COSTAL (THORACIC) BREATHING
Muscles attached to the thoracic cage (rib cage) cause the chest to expand
during inhalation and return to normal during exhalation.
a. Inhalation. Muscles attached to the thoracic cage contract and raise the ribs.
A typical rib might be compared to a bucket handle, attached at one end to the sternum
(breastbone) and at the other end to the vertebral column (spine). The "bucket handle"
is lifted by the overall upward and outward movement of the rib cage. These
movements increase the thoracic diameters from right to left (transverse) and from front
to back. Thus, the volume within the chest increases. Recalling Boyle's law, the
increase in volume leads to a decrease in pressure. The higher air pressure outside the
body then forces air into the lungs and inflates them.
b. Exhalation. The rib cage movements and pressure relationships are
reversed for exhalation. The muscles relax, the ribs return to their normal position, and
the size of the chest decreases. The pressure within the chest increases and forces air
outside the body.
DIAPHRAGMATIC (ABDOMINAL) BREATHING
The diaphragm is a thin, but strong, dome-shaped muscular membrane that
separates the abdominal and thoracic cavities. The abdominal wall is elastic in nature.

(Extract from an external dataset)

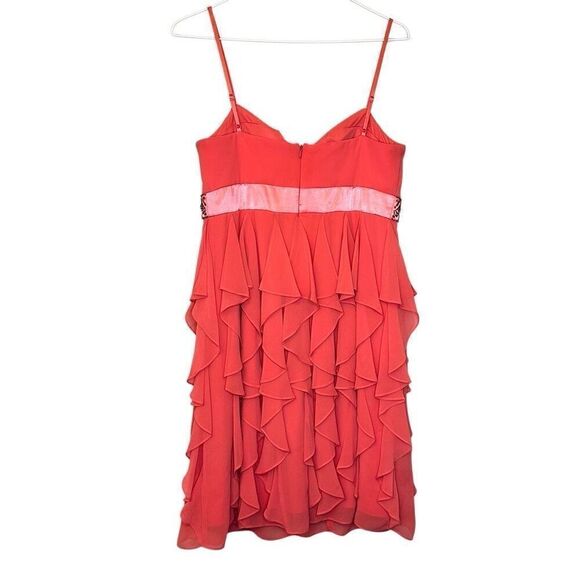 Vintage Decode 1.8 Sleeveless Sweetheart Neck Ruffle Chiffon Coral Mini Dress Si - Picture 3 of 5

The abdominal cavity is filled with soft, watery tissues.
a. Inhalation. As the diaphragm contracts, the dome flattens and the
diaphragm descends. This increases the depth (vertical diameter) of the thoracic cavity
and thus increases its volume. This decreases air pressure within the thoracic cavity.
The greater air pressure outside the body then forces air into the lungs.
b. Exhalation. As the diaphragm relaxes, the elastic abdominal wall forces the
diaphragm up again by pushing the watery tissues of the abdomen against the
underside of the relaxed diaphragm. The dome moves upward, the volume of the
thoracic cavity is decreased, and air is forced from the lungs and into the atmosphere.
NERVOUS CONTROL OF BREATHING
Breathing can be controlled voluntarily to some extent, such as holding your
breath for a short period of time or breathing deeply during a medical examination.
However, breathing is usually controlled by the nervous system without the need to
consciously order the body to inhale or exhale. Respiratory reflexes are controlled by
the respiratory center found in the medullar portion of the brainstem. The respiratory
center coordinates the actions of costal breathing and diaphragmatic breathing to
ensure that they work together (chest and abdominal muscles contract at the same time
and relax at the same time). The amount of carbon dioxide (CO2) in the circulating
blood is one of the major influences on the actions of the respiratory center.